Тягостно видеть Ницше в двусмысленных ситуациях, трудно удержаться от сомнения в нём, когда видишь, как он обращается к случайным людям, признаваясь в своей близости к ним[31], как он приглашает едва знакомого ему молодого студента совершить с ним путешествие и получает отказ[32], как он, уже будучи не в силах переносить пустоту вокруг себя, делает предложение выйти за него замуж, а затем вновь позволяет искать для себя жену[33], как он сближается с Рэ и Лу. Ницше знакомо «внезапное безумие тех часов, когда одинокий человек обнимает первого встречного и ведёт себя с ним как с другом и посланцем небес, чтобы часом позже с отвращением оттолкнуть его от себя, с отвращением теперь уже к самому себе» (сестре, 7.8.86): и «постыдное воспоминание о том, с какого рода людьми я уже общался как с равными себе» (там же). Но из этих и других подобных ситуаций он выходил с честью, причём то, каким способом он это делал, для него более характерно, чем то, как он попадал в такие положения.

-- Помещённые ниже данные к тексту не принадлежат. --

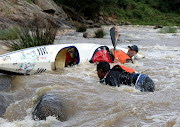 Canoeists capsize as they paddle down rapids on the first day of the Dusi. 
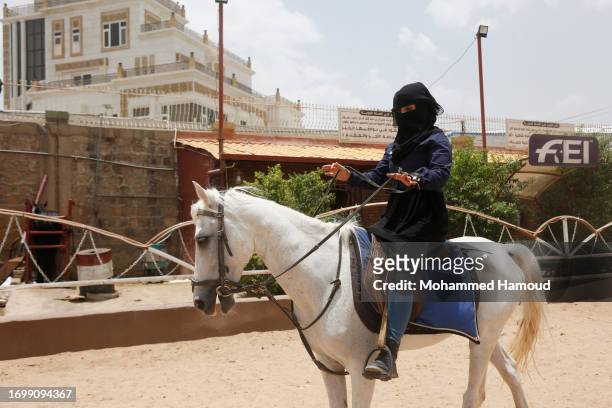 Yemeni girl learns to ride a horse at an equestrian club on August 03, 2023 in Sana'a, Yemen. Nine years of war and a humanitarian crisis in Yemen’s...
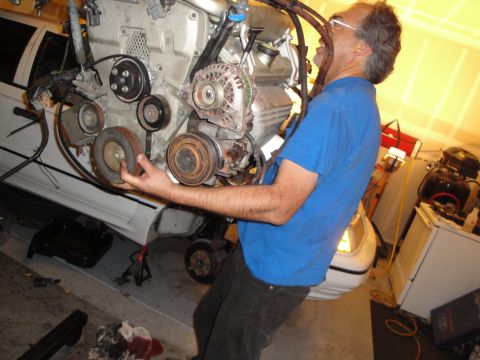 1989 Ford Taurus - A man is shown holding a car engine, with a white vehicle partially visible in the background, suggesting an engine swap or repair.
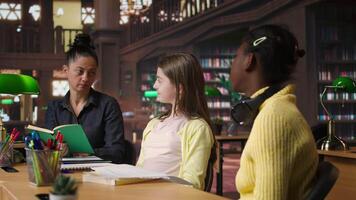 Elementary students receiving support from a tutor working on homework assignments in a diverse learning environment in the school library. Professor guiding her pupils before class. Camera A. video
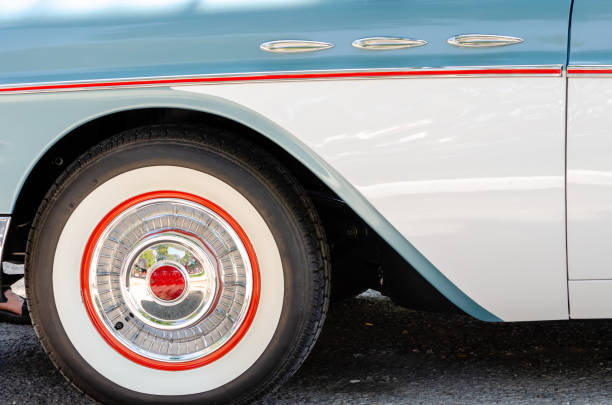 Close-up of a horizontal pinstripe on chrome trim and matching coloring on a vintage car's wheel Close-up of a horizontal pinstripe on chrome trim and matching coloring on a vintage car's wheel cruising hot rods stock pictures, royalty-free photos & images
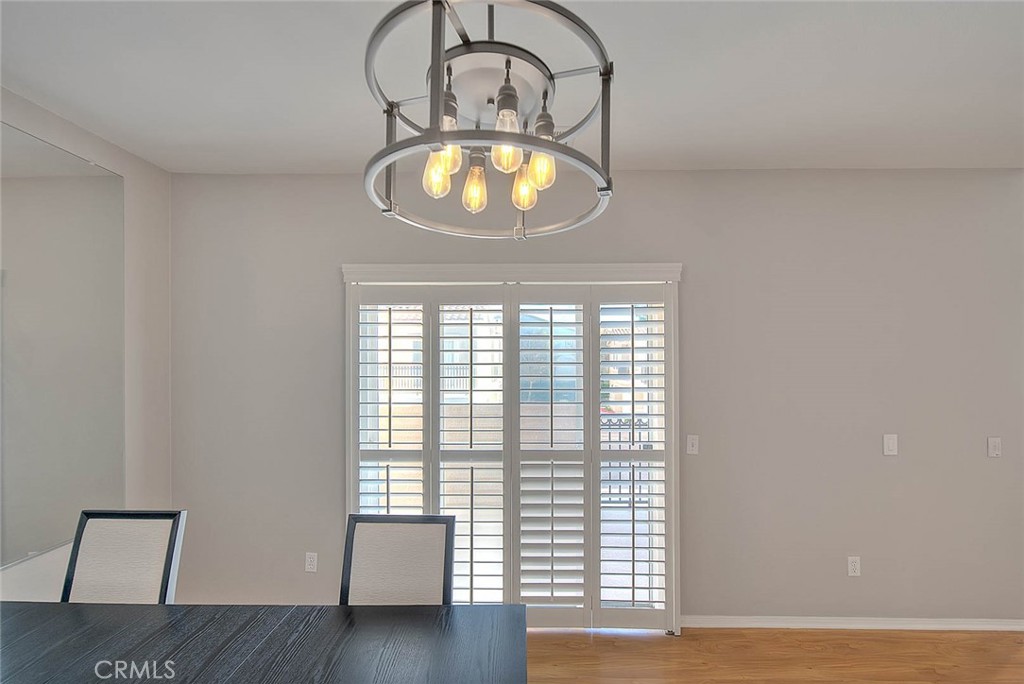 11450 Church Street, Unit 63 Rancho Cucamonga, CA 91730 - Photo 13 of 52 a view of wooden floor and windows in a room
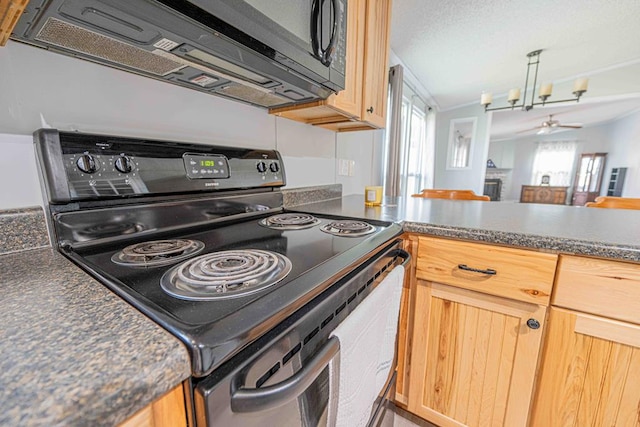 50031 E County Rd 71, Midland, TX 79705 - kitchen with electric range oven, ceiling fan, dark countertops, and plenty of natural light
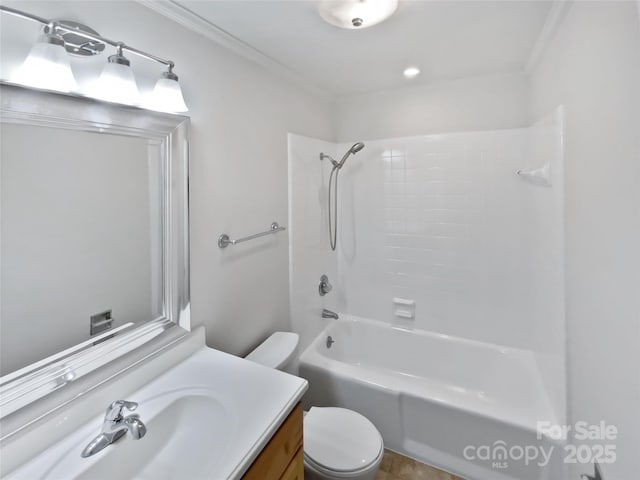 full bathroom featuring crown molding, bathing tub / shower combination, toilet, and vanity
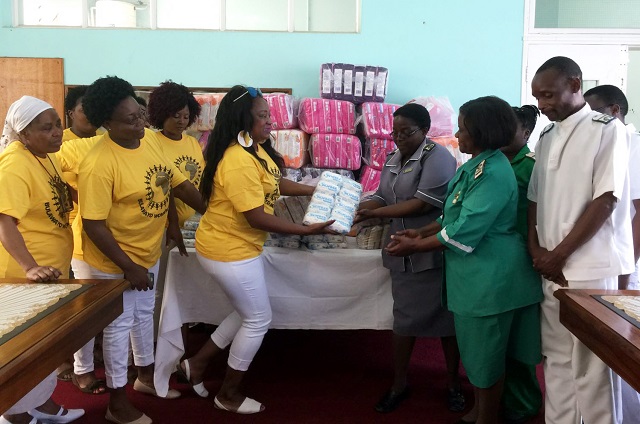 Bulawayo Women of Courage presented sanitary pads and soap worth more than $400 to Ingutsheni Central Hospital in Bulawayo. In this picture Mrs Sinikiwe Dube Mutsure hands over the donation to Matron Sithabisiwe Nhlabano-Ndlovu while other members of staff look on.— (Picture by Nyaradzo Bakari)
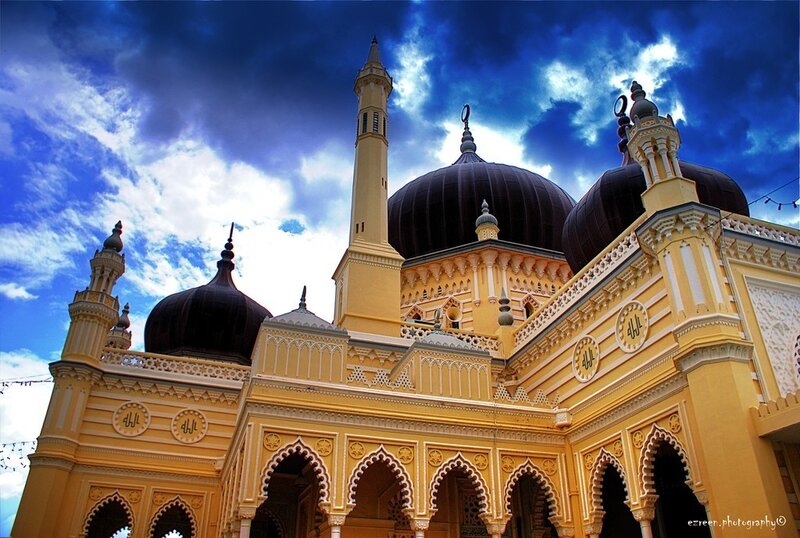Yellow mosque with black domes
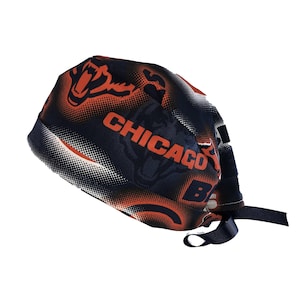 May include: A blue and orange surgical scrub hat with a white and black polka dot pattern. The hat features the Chicago Bears logo and the text "CHICAGO BEARS".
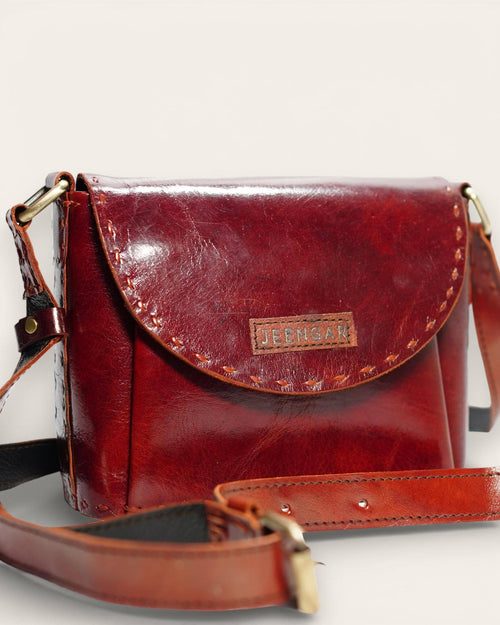 The Beawar Sling in Cherry — hand-stitched leather crossbody, front view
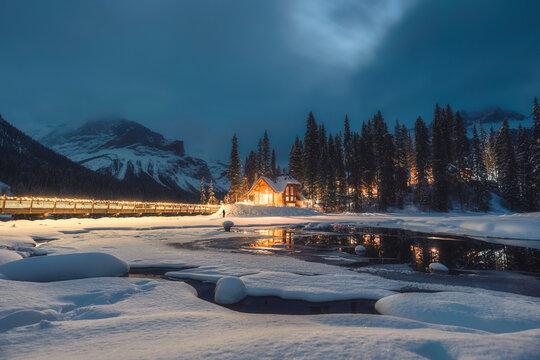 Frozen Emerald Lake with wooden lodge glowing in snowfall on winter at the night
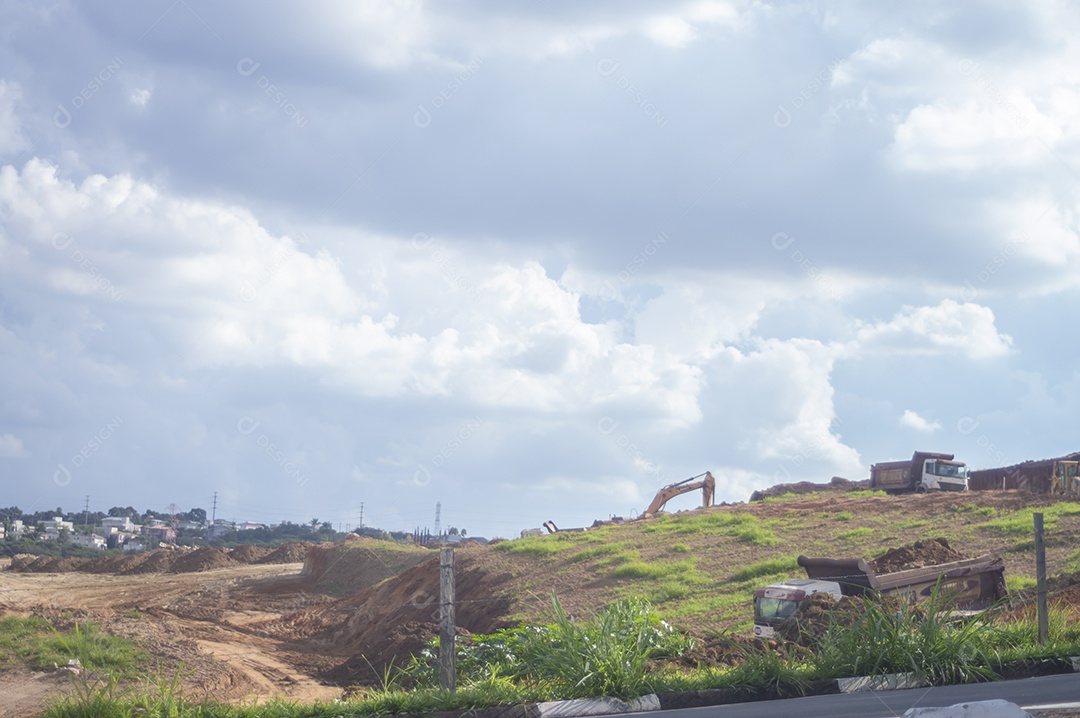 Paisagem mostrando caminhões e tratores no início de uma construção que se tornará uma área urbana e deixará de ser uma paisagem de vegetação.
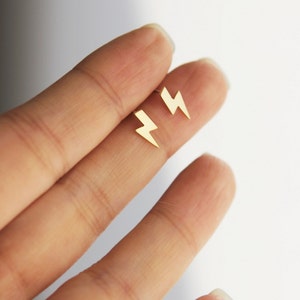May include: A pair of gold lightning bolt stud earrings. The earrings are small and delicate, and they are perfect for adding a touch of edgy style to any outfit.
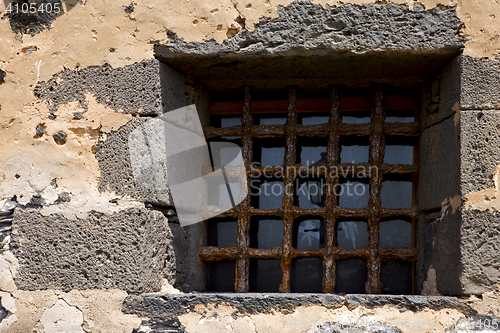 Image of brown distorted  castle window in a broke   wall arrecife  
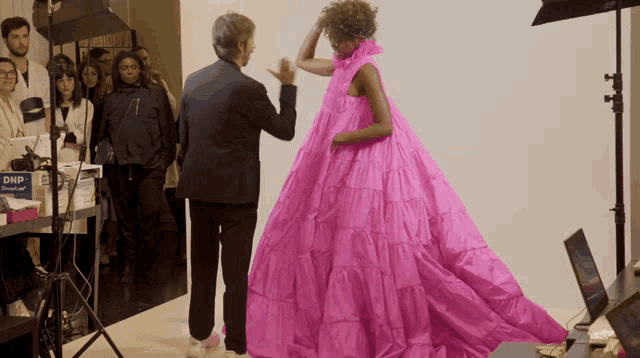 a woman in a bright pink dress is being photographed by a man in a black suit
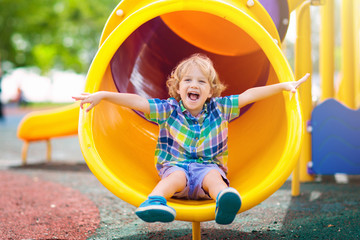 child on playground. kids play outdoor.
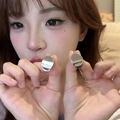 Polished silver 925 sterling silver post oval geometric earrings on a female model - A2728 Silver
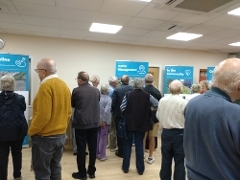 People looking at exhibition boards at the Ash Road Bridge Consultation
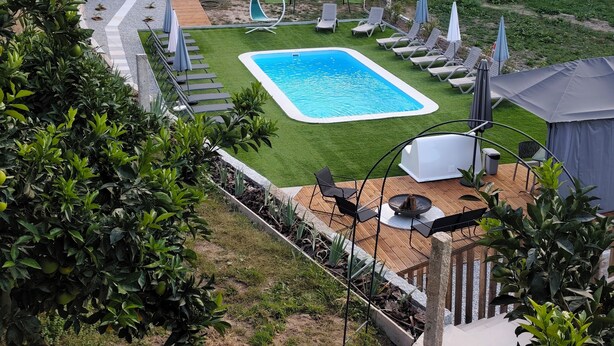 Un jardin avec une piscine, des chaises longues et un espace barbecue.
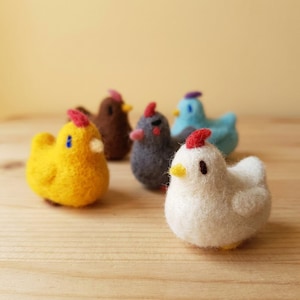 Peut inclure: Six figurines de poulets en feutre de différentes couleurs, dont jaune, blanc, gris, marron et bleu. Chaque poulet a une crête rouge et un bec jaune. Les figurines sont disposées sur une surface en bois clair.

Неверно представление о Ницше как о каком-то словно бы выкованном из стали самодостаточном герое, который идёт по свету непреклонно и невозмутимо. Героизм Ницше был иного рода. Ему пришлось прожить и выстрадать судьбу человека, которому отказано в любой форме естественных человеческих проявлений; движимый чисто человеческими побуждениями, он был вынужден вновь и вновь на какое-то время отказываться от своей миссии, стремился упростить её: скажем, просчитывал, какой произведёт эффект, заботился об этом, пытался практически применить своё влечение к воспитательной деятельности, полагался на друзей — героическое здесь всегда сопряжено с неудачей. Поэтому его решения относительно тех или иных действий в мире всё чаще оказываются отрицательными. То обстоятельство, что он не заблудился в туманных представлениях своей эпохи, не примкнул ни к одной из заблуждавшихся сторон, стало предпосылкой величественного развёртывания его своеобразного мыслительного опыта, как бы стремящегося по ту сторону всякого горизонта.